Tuesday, 15 August 2017

I am a Grown-Up

A few weeks ago my son fixed up my bike for me. I've got a somewhat derelict of a two-wheeler complete with fenders and a rat-trap though the upper hinge portion is long gone (that's why they invented bungi cords!).  Originally I borrowed the bike from a co-worker who's ex-wife had left it behind. That was over 8 years ago and that machine just morphed into mine. The memory foam seat is well worn with my butt impression.

L'il Black, as I fondly call her, was dormant for a few years. She stayed at my mother's place 2 hours north of my home for 2 years as I didn't have a vehicle to bring her back. I finally did and again she sat...

My son (handsome and handy) pumped up the tires, oiled & adjusted the chain, tightened the spokes and checked the brake cables. I was off.

I had forgotten the utter sense of freedom and joy my soul felt gliding along the pathways. I was elated. I'd found a place where I paradoxically lost myself in how alive I was.

L'il Black and I have subsequently spent many hours together exploring the extensive trail system in the beautiful city where I reside. My goal, for years now, has been to cycle to work roughly 10 km into the city about 35 minutes along the scenic cycling route sans car traffic.
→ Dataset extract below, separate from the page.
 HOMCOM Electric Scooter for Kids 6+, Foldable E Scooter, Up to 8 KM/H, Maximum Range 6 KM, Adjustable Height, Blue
A rejuvenating ride indeed.

Last weekend I thought I'd explore one of the other cycle routes and headed north with 3 water bottles strapped to the rack on the back fender. I had my bike helmet on the handle bars...  here's where the disconnect between me and other people begins... In our area it is a law (of sorts) to wear a helmet. I do not like to wear a helmet, or a hat of any kind really. Not just cause it wrecks my hair but it's not comfortable, I get hot, yada, yada, yada. Basically I hate stuff on my head.

So I'm blissfully riding along a trail. A pack of riders pass by me decked out in spandex gear and aerodynamic helmets complete with the fancy shoes that fit in the toe clips. All male and from what I can tell roughly my age group (50+). One of the jackaroos chuckles to his buddy as he passes by "good place for the helmet".  I realize it's meant for me and my ego bubbles up and I holler "thanks for your comments". I am incensed. The group veers off to a coffee house and I continue along the bike path playing the interaction over and over again in my mind wishing I'd thought of some wittier response or even the ego's favourite... fuck off! For the next 15 minutes I can't quell the voice and I ride harder in an effort to switch my focus and release the energy.

Why does his comment irritate me so deeply?  This is why:

I am a Grown-Up. 


To refine it further I am a sovereign being fully capable of assessing a situation and taking appropriate action to ensure my safety.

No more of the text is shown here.